Optimization of deposition rate for E-beam fabricated tungsten oxide thin films towards profound electrochromic applications

In the past few decades, there has been a jet of interest in adopting tungsten oxide (WO3) thin films as an active layer in electrochromic applications. The central objective of this work is to optimize the deposition rate for E-beam fabricated WO3 thin films yielding an idealized thin film towards profound electrochromic applications. In this regard WO3 thin films were fabricated at three deposition rates 0.5A(o)/s, 1.5A(o)/s and 3A(o)/s on fluorine-doped tin oxide (FTO) coated substrates and corning glass substrates, using e-beam evaporation technique. Films were fully characterized for morphological, structural, optical, electrochemical and electrochromic attributes by Scanning Electron Microscope (SEM), X-ray Diffractometer (XRD), UV-Visible spectroscopy, Cyclic Voltametric (CV) characterization techniques, respectively. SEM characterization stipulated the formation of nanospheres which grew as nanoclusters at a deposition rate of 1.5A(o)/s.

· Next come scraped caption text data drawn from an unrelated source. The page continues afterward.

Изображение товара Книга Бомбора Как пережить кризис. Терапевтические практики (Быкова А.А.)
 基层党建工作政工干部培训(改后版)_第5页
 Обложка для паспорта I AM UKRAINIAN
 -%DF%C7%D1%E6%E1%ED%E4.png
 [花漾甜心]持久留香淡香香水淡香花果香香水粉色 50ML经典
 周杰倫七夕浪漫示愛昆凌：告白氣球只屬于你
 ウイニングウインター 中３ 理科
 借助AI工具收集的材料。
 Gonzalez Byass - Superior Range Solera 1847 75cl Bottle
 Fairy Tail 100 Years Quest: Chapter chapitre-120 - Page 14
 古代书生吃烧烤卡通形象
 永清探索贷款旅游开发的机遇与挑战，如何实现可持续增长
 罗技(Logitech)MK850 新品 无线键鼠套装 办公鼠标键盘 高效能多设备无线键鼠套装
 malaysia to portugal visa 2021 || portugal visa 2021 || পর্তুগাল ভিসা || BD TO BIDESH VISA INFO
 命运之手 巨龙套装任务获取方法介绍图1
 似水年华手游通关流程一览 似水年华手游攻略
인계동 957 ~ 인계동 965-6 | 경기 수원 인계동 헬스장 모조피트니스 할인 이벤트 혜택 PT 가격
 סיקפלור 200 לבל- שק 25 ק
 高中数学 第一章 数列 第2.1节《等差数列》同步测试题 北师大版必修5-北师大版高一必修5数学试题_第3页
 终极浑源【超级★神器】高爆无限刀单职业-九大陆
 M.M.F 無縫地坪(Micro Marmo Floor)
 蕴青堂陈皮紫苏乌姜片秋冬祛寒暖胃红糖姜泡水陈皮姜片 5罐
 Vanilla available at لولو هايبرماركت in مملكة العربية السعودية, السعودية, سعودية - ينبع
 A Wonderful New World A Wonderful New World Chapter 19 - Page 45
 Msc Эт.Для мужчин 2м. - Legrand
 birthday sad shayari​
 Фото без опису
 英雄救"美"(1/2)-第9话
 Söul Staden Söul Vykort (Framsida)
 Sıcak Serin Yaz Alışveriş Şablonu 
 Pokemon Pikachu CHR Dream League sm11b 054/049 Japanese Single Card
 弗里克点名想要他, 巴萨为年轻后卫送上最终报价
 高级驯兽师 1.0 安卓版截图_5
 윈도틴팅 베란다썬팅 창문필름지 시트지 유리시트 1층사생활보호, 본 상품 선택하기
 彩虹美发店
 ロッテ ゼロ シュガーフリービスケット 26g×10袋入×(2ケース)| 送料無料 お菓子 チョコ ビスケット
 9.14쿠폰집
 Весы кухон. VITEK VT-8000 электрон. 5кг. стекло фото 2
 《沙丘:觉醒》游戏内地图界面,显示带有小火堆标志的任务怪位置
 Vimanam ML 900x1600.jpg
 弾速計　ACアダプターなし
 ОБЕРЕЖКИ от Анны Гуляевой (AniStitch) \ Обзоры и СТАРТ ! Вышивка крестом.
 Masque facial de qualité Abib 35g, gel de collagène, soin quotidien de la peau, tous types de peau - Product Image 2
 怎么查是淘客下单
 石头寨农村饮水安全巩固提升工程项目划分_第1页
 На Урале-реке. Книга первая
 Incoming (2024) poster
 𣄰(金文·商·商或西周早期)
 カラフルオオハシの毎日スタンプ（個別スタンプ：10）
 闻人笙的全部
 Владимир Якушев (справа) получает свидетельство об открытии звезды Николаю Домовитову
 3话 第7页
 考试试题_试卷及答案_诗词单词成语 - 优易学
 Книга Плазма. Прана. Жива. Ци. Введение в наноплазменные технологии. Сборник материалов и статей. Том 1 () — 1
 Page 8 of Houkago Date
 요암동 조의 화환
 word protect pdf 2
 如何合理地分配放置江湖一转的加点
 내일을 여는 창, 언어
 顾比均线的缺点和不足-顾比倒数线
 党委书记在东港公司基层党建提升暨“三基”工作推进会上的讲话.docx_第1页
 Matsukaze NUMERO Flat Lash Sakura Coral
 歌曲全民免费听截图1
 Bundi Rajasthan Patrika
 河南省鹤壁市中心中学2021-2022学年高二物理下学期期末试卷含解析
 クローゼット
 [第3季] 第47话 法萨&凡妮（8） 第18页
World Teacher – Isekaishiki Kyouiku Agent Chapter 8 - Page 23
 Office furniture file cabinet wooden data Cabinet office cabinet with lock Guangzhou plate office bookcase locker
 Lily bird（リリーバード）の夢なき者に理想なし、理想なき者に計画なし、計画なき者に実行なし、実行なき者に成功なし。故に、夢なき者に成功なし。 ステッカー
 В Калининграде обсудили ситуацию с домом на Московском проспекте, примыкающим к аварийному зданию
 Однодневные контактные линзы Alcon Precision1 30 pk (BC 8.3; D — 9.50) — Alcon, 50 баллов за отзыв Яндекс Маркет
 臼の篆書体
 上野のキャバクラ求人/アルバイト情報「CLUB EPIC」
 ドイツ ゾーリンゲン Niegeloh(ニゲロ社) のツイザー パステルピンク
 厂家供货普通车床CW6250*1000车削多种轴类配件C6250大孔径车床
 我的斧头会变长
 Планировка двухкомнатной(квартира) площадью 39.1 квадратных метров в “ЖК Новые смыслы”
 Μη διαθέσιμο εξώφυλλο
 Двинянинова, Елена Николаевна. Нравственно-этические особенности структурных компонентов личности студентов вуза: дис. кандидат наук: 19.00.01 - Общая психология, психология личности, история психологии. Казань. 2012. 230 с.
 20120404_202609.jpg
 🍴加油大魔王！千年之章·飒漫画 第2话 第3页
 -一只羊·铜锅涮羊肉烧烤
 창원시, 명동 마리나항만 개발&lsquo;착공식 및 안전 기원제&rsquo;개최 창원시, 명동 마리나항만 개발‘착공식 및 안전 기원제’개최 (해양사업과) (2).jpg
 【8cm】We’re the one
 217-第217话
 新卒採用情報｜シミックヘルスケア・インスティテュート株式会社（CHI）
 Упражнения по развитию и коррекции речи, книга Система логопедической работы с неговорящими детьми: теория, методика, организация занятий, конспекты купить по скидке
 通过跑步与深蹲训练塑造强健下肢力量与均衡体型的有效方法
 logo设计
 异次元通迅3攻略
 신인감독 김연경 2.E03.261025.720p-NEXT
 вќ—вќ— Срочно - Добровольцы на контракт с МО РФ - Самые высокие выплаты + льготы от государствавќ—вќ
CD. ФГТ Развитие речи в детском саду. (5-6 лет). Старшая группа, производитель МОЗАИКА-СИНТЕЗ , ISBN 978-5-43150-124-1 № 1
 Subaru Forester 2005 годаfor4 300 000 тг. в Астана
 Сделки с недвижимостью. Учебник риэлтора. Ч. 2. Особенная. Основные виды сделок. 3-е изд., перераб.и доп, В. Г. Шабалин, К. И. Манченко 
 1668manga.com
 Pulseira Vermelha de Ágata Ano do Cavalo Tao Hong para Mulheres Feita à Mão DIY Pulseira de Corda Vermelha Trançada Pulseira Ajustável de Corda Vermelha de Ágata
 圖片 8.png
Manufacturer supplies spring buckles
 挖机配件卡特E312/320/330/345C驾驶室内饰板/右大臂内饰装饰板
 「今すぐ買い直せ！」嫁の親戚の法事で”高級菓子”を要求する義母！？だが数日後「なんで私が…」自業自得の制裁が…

Energy dispersive spectroscopy (EDS) analysis diagnosticate tungsten and oxygen as two elements present in appropriate atomic percentage values revealing towards purity of the films. XRD analysis postulated towards the amorphous nature of all the as deposited films. Optical transmittance of as deposited films varied from 60 to 65% within the wavelength range of 400 nm to 600 nm. Optical energy band gap value was least at 3.11 eV for the film grown at deposition rate 1.5A(o)/s. Highest coloration efficiency and diffusion co-efficient were found to be 17.50 cm(2)/C and 3.26 x 10(-4) cm(2)/s, respectively, for the film fabricated at deposition rate of 1.5A(o)/s. Overall it was witnessed that all the characterization techniques were judiciously whispering to contemplate 1.5A(o)/s as an optimized deposition rate to fabricate WO3 thin film towards profound electrochromic application under present experimental condition.